Objects that are relatively “identical” in space are known as
These can be variable stars of a special type, the so-called Cepheids. They pulsate in the same way, ie. emit the same luminous flux at regular intervals. Other such objects, which are even more accurate indicators of distances, are type IA supernovae. They represent the thermonuclear destruction of a star (actually a pair of stars). Due to the peculiarities of the process, the same energy is always released. That’s why supernovae IA are the best standard candles we know.
It was supernova research that showed in 1997 that the universe was expanding. Since the energy released during an explosion is always the same, the difference we observe (paler or brighter explosions) is caused solely by a difference in the dynamics of space. In this way we can get a map of the evolution of space over time. It turns out that in the first about 8-9 billion years after the explosion, the universe slows down, as might be expected, and then suddenly begins to expand, with acceleration!

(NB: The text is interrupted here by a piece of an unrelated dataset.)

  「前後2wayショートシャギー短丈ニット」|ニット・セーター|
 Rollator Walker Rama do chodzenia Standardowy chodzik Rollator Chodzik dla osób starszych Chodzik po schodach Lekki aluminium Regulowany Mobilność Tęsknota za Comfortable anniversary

this is a huge paradox and the reason for the accelerating expansion is still unknown. To explain it, scientists reintroduce Einstein’s cosmological constant into the equations, but with the opposite sign – i.e. it acts as antigravity and expands space rapidly.
However, it seems that Einstein was not so wrong.
Today we know that dark energy occupies about 70 percent of the total energy density of the universe. We have no idea why its action begins or what its nature is. It is possible that over time its strength decreases or increases.
Depending on this, there are two scenarios for the end of our universe. If the cosmological constant continues to operate and intensify, then we will expand forever. If, on the contrary, its force decreases and gravity wins, then the end of our cosmos may be the Great Crash. Then, why not, maybe the new universe will be born in a new cosmic Big Bang. But for now, these are just mysteries whose answers are yet to be discovered.